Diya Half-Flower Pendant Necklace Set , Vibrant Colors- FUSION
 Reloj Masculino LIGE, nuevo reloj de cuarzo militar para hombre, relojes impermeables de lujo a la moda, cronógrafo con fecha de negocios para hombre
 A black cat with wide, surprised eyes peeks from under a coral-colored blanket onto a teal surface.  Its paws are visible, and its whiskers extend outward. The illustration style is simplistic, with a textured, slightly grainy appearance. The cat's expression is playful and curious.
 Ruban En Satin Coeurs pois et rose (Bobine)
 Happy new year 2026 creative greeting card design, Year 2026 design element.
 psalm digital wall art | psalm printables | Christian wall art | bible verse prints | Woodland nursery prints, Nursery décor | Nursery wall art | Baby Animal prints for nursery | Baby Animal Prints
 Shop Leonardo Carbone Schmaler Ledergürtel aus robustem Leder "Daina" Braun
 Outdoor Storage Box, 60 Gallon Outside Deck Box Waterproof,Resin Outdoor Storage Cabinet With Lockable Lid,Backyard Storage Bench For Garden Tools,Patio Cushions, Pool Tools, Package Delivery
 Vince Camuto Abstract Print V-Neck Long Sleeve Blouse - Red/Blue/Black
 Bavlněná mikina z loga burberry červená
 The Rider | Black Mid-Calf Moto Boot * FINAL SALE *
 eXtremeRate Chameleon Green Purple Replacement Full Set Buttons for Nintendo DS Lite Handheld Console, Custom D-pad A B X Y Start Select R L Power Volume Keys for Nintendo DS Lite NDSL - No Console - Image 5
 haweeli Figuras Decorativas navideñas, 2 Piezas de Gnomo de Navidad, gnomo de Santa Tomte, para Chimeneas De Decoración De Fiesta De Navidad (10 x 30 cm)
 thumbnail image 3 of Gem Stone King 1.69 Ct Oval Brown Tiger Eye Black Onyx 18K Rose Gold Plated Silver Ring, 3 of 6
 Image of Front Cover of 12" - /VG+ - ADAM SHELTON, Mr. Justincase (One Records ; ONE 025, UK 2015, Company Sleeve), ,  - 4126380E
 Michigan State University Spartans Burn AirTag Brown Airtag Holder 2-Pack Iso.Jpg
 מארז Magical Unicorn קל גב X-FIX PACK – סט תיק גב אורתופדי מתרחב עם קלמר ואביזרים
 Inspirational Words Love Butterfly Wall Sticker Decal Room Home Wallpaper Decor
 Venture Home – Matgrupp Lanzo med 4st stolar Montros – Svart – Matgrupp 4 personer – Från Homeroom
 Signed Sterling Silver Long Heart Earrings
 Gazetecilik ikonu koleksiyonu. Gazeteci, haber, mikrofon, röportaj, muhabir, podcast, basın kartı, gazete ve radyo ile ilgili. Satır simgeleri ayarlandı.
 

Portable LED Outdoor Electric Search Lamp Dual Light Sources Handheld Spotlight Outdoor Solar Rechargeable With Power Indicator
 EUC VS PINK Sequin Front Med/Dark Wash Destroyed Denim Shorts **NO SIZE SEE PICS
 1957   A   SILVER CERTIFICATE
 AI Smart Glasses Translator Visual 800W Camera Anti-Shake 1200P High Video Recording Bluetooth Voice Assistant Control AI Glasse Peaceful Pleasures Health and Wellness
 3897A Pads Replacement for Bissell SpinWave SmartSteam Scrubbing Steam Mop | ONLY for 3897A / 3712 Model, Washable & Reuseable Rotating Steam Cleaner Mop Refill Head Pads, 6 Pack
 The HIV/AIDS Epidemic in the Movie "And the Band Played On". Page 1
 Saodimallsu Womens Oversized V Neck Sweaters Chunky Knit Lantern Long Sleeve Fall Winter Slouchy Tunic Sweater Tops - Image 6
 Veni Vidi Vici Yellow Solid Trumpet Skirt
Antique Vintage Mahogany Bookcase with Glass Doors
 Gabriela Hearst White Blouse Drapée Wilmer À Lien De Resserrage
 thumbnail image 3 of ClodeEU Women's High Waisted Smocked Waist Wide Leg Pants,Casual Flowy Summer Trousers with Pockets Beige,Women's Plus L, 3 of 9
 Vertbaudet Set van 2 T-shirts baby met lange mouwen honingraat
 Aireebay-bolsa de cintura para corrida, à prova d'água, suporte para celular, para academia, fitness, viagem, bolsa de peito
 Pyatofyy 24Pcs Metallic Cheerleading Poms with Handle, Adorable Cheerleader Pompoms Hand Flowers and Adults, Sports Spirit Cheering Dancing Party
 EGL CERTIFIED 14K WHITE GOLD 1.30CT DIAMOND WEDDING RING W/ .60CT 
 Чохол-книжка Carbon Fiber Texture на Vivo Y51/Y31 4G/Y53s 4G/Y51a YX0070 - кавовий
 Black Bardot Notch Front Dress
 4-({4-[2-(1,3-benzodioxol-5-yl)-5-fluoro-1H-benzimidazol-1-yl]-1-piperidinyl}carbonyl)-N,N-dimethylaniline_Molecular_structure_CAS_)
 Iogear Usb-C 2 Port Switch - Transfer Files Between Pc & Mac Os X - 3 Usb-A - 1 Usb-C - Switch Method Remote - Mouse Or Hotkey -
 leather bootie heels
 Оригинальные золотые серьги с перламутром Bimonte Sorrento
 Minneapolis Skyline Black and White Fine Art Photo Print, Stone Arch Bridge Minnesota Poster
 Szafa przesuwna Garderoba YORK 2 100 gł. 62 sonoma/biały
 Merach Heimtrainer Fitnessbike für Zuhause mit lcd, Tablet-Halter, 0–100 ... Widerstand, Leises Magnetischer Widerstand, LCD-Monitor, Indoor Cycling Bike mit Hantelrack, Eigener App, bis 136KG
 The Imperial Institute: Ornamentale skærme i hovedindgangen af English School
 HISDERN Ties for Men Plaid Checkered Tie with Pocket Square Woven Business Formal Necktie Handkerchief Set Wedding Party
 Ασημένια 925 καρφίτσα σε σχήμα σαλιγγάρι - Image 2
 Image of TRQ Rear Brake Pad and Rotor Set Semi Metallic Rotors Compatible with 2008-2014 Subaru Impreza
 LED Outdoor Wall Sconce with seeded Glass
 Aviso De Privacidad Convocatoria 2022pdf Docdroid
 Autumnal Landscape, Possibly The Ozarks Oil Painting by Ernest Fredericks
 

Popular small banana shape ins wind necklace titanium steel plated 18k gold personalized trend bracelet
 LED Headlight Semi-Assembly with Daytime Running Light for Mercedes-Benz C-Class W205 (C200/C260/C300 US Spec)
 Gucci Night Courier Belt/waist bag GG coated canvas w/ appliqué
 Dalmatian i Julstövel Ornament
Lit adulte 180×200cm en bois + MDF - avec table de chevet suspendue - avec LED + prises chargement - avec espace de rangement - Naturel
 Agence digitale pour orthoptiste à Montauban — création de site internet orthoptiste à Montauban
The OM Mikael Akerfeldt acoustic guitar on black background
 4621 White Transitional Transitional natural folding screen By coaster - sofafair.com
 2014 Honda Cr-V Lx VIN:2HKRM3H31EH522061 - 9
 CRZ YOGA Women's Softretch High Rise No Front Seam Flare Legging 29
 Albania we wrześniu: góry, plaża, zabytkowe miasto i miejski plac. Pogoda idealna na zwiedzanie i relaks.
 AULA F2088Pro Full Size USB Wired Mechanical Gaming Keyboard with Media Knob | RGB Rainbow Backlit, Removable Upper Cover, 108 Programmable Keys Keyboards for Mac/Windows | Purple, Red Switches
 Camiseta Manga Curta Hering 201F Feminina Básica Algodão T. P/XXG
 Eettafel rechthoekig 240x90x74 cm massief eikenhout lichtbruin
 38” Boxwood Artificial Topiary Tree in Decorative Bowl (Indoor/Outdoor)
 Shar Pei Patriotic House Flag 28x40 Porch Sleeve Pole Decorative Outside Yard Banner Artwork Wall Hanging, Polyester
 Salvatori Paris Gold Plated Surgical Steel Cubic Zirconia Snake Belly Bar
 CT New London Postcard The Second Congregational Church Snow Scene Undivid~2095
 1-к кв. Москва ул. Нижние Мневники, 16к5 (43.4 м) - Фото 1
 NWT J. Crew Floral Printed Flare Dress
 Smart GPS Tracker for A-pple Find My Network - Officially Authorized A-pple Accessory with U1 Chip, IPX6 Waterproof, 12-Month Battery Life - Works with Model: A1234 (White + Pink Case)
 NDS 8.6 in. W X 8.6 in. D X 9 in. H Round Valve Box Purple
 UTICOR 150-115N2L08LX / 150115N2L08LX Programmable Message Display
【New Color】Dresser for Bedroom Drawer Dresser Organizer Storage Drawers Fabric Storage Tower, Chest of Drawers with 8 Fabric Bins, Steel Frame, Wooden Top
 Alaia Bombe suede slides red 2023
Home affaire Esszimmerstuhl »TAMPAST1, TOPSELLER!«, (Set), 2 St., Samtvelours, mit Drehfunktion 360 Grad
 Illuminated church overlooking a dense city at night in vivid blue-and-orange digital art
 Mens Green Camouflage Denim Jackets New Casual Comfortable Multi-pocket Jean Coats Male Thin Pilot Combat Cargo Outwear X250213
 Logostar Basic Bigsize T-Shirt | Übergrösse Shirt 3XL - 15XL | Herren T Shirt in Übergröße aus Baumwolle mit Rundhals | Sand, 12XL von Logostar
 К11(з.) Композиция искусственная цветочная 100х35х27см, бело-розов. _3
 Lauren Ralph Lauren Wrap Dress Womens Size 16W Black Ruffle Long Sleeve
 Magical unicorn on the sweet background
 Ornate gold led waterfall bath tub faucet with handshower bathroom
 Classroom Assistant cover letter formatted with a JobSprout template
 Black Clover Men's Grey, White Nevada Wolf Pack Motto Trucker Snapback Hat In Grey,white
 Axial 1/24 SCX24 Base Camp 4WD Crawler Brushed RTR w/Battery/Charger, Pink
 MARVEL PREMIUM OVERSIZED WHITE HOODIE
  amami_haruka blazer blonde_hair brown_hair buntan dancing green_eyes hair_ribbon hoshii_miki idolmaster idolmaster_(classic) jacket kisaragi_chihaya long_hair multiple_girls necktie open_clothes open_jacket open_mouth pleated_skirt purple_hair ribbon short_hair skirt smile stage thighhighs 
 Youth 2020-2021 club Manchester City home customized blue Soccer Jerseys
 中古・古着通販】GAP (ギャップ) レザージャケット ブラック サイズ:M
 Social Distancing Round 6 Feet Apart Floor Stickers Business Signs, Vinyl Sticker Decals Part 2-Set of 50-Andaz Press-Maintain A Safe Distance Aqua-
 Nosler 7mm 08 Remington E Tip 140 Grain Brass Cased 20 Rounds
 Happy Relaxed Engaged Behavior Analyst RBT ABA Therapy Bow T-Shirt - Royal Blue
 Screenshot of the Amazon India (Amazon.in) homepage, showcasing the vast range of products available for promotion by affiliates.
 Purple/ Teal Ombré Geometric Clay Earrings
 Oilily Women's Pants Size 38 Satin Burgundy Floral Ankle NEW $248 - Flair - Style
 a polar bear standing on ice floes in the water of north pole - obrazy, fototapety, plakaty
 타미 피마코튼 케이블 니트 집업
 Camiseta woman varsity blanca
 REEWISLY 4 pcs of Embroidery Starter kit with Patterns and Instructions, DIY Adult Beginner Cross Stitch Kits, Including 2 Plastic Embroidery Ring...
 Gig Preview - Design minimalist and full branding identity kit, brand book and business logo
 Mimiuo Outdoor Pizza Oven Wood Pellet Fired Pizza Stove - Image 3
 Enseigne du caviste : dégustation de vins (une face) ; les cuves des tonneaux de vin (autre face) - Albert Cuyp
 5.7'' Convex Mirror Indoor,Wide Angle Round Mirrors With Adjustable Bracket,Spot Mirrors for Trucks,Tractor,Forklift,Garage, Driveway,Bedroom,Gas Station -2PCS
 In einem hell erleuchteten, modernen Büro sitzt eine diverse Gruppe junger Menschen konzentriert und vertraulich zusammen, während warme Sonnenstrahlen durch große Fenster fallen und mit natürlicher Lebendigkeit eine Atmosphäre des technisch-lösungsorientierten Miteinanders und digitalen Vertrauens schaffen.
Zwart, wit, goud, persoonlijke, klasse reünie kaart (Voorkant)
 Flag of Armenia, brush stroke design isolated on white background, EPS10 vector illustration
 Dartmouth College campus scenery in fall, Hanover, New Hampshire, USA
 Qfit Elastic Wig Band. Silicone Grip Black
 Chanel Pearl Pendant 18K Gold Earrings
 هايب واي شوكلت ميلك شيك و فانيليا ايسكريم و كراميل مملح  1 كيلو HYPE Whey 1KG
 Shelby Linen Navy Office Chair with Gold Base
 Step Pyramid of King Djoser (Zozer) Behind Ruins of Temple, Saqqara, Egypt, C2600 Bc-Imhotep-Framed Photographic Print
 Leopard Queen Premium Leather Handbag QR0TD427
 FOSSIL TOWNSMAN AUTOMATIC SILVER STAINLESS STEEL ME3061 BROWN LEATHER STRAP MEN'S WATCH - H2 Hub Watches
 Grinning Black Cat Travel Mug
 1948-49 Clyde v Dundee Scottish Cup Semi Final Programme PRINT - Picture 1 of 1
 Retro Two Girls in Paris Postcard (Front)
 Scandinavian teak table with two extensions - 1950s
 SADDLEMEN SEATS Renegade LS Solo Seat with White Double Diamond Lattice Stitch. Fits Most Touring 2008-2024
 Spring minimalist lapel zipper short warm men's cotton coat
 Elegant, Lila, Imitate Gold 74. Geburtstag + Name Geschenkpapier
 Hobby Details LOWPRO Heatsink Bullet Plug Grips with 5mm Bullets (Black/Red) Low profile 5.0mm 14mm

---*---

- **ASSIGNMENT**
Begin with the line that has "Nosler 7mm 08" in the listing above and end after the line that has "REEWISLY 4 pcs"; output those lines exactly.

- **EXERCISE OUTPUT**
 Nosler 7mm 08 Remington E Tip 140 Grain Brass Cased 20 Rounds
 Happy Relaxed Engaged Behavior Analyst RBT ABA Therapy Bow T-Shirt - Royal Blue
 Screenshot of the Amazon India (Amazon.in) homepage, showcasing the vast range of products available for promotion by affiliates.
 Purple/ Teal Ombré Geometric Clay Earrings
 Oilily Women's Pants Size 38 Satin Burgundy Floral Ankle NEW $248 - Flair - Style
 a polar bear standing on ice floes in the water of north pole - obrazy, fototapety, plakaty
 타미 피마코튼 케이블 니트 집업
 Camiseta woman varsity blanca
 REEWISLY 4 pcs of Embroidery Starter kit with Patterns and Instructions, DIY Adult Beginner Cross Stitch Kits, Including 2 Plastic Embroidery Ring...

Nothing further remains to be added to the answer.